**INFORMATION SHOWN**:
*-*-*
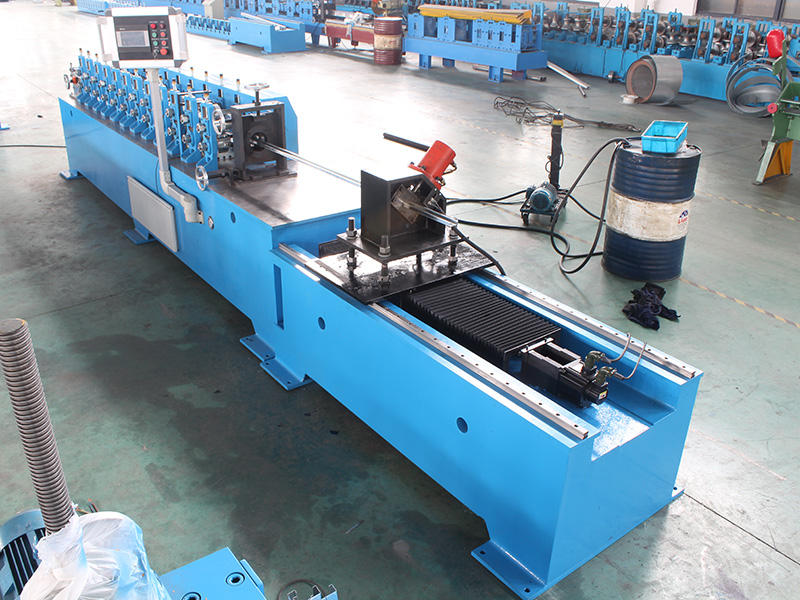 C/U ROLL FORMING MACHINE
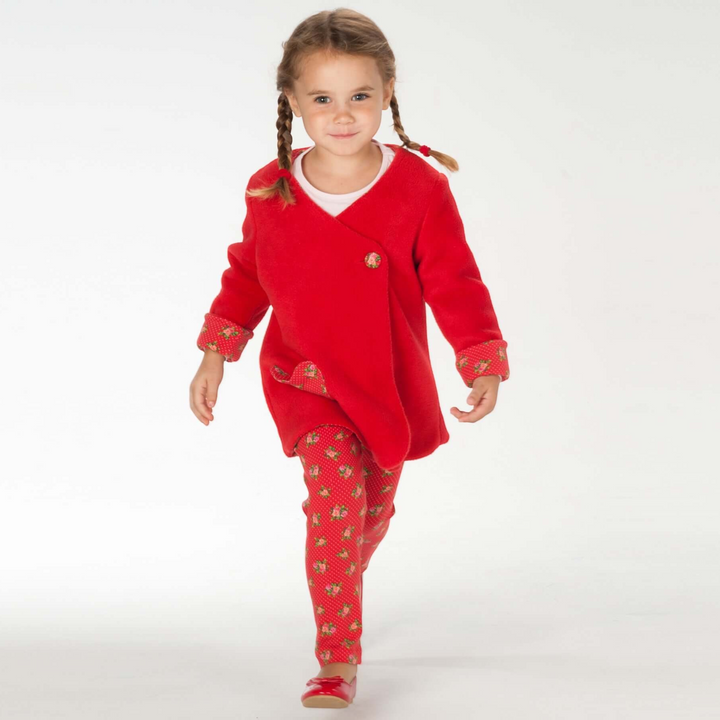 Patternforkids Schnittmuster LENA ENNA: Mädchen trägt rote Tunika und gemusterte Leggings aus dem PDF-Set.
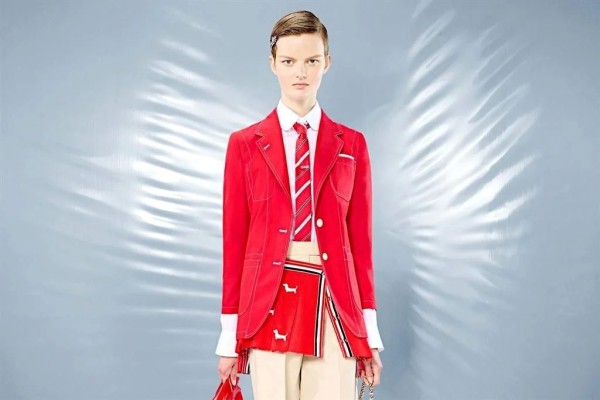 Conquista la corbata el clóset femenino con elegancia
*-*-*
**HOW TO COMPLETE THIS TASK**:
In the copy, keep every line of the data above exactly and drop each picture.

**EXERCISE SOLUTION**:
 C/U ROLL FORMING MACHINE
 Patternforkids Schnittmuster LENA ENNA: Mädchen trägt rote Tunika und gemusterte Leggings aus dem PDF-Set.
 Conquista la corbata el clóset femenino con elegancia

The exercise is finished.